1 Николай Кузанский. Указ. соч. Т. 1. С. 54-55.
Система отношений, выраженная в схеме, может быть проинтерпретирована тремя разными способами, иначе говоря, она может быть интенционально отнесена к трем разным областям. Мы полагаем, что эти три отнесения присутствуют в De docta ignorantia и во многом определяют линии развертывания творчества Николая Кузанско-го; вместе с тем они задают рамки понимания принципа coincidentia oppositorum.
Первая область — собственно математики. В ней утверждается принцип совпадения в актуальной бесконечности несоизмеримых (противоположных) объектов. Как известно, в математике Кузанец занимался исключительно проблемой соизмерения несоизмеримых — проблемой квадратуры круга. Решение он искал на путях применения принципа совпадения противоположностей как разумного — законодательного по отношению к рассудочному математическому мышлению.

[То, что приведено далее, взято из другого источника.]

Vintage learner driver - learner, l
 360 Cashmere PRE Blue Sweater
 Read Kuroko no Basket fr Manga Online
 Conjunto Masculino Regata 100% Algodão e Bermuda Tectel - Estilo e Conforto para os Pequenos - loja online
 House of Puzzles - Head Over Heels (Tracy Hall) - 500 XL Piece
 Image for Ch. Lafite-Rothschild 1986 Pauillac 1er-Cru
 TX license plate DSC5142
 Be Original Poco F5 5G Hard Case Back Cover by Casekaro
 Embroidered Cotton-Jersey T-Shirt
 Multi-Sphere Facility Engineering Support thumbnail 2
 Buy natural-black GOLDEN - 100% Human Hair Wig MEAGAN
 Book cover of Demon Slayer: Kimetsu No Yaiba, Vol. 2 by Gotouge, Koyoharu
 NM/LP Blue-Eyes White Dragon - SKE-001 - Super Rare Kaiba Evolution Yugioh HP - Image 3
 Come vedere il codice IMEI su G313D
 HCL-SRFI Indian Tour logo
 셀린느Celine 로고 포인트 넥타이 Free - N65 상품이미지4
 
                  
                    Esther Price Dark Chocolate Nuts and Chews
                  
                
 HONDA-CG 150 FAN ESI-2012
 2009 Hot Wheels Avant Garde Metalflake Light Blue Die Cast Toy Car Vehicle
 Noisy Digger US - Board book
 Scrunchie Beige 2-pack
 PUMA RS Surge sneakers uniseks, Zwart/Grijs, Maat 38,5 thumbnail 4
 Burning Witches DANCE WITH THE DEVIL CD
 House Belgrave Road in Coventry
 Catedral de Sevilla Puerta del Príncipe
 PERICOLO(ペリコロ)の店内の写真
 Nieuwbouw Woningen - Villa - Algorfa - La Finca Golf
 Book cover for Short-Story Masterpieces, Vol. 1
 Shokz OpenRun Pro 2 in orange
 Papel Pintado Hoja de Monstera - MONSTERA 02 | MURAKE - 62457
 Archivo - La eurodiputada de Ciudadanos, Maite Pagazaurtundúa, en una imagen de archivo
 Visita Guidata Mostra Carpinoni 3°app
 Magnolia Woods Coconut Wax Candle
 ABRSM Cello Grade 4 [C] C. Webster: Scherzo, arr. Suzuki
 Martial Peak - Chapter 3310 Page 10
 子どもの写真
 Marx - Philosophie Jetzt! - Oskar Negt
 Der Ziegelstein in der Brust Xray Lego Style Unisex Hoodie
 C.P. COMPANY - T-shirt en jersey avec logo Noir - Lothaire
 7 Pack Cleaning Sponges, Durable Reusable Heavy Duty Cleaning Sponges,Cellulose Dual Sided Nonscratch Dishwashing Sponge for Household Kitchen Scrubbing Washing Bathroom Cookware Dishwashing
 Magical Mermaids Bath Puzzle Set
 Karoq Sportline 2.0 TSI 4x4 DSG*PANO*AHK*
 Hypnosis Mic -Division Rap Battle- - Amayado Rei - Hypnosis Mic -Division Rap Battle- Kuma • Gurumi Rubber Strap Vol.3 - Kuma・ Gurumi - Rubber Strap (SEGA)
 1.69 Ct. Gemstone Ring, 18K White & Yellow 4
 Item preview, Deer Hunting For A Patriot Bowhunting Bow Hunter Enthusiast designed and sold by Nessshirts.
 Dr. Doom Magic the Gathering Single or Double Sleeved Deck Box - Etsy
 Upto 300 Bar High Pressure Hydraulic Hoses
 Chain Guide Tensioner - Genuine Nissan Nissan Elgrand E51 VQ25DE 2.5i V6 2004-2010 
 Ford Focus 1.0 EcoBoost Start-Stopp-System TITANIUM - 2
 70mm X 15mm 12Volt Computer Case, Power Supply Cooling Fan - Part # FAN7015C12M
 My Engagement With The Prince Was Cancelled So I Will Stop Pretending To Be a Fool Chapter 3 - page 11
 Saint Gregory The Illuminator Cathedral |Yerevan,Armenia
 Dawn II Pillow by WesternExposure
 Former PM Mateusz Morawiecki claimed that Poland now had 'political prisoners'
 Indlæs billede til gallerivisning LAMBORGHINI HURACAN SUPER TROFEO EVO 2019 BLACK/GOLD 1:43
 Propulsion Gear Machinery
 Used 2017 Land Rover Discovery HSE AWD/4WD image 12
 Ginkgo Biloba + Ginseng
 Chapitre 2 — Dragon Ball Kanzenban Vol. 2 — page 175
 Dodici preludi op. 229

Вторая область — область эпистемологии. Для этой области математические отношения выступают моделью: результаты, полученные в математических опытах, переносятся на область Богопознания. При этом принцип совпадения противоположностей соответствует знающему незнанию Бога. Любые знания А и Не-А ложны в отношении к Богу как утверждения конечного рассудка, однако при восхождении в область разума и на границе его в область интеллектуального созерцания немыслимого единства противоположностей ум соединяется с Богом и непостижимо познает Его.
Третья область — область онтологии. Здесь математические опыты являются частным случаем всеобщего отношения между вещами и абсолютным максимумом. А именно: абсолютный максимум свертывает в себе все противоположности и потому выступает абсолютной мерой для всего. Важен переход от эпистемологии к онтологии: результаты, которые получены в модели знания, где абсолют занимает функциональное место трансцендентной актуальной бесконечности, выступают основанием позитивного знания о самом абсолюте. «Перенесем наше умозрение — а мы его вывели из того, что бесконечная кривизна есть бесконечная прямизна, — на простейшую и бесконечную сущность», — пишет Кузанец1.
1 Николай Кузанский. Указ. соч. Т. 1. С. 73.
5. Заключение
В осуществленной нами реконструкции истоков и содержания принципа coincidentia oppositorum мы исходили из того, что этот принцип следует рассматривать в рамках целостности метода docta ignorantia.
Согласно данной концепции, особенности docta ignorantia Николая Кузанского получают объяснение из двух положений:
— «ученое незнание» обусловлено рецепцией текстов Дионисия Ареопагита «сквозь призму» мыслительной традиции богословия Августина Аврелия1;
— математика используется как «рефлексивное зеркало» для онтологического моделирования эпистемологической ральности — знания и мышления.
Требование на преодоление законов аристотелевой логики возникает из совместного применения апофатической и катафатической процедур при восхождении к абсолютному первоначалу и выражается прежде всего в необходимости нарушения закона исключенного третьего. Основываясь на идее несоизмеримости, Николай Кузанский вводит предметноонтологическую модель знания, которая связывает планы эпистемологии и онтологиии. Принцип coincidentia oppositorum вводится Кузанцем в онтологическом плане при мысленных экспериментах с математическими объектами. Но сами мысленные эксперименты нужны Кузанцу для того, чтобы уяснить проблему богопознания, поэтому их результаты оборачиваются на эпистемологический план знания и мышления. Coincidentia oppositorum становится для Кузанца руководящим принципом богословского постижения: абсолютный максимум выше любого противоположения и «из этого принципа о нем можно вывести столько отрицательных истин, сколько хватит книг или слов; более того, вся доступная нам теология вытекает из одного этого первоначала»2.
1 Выявление особенностей рецепции текстов восточного христианского богословия на основе традиции западного богословия положено в основу реконструкции системы Иоанна Скота Эригены А.И. Бриллиантовым. См.: Бриллиантов А.И. Влияние восточного богословия на западное в произведениях Иоанна Скота Эригены. М.: Мартис, 1998.
2 Николай Кузанский. Указ. соч. Т. 1. С. 72.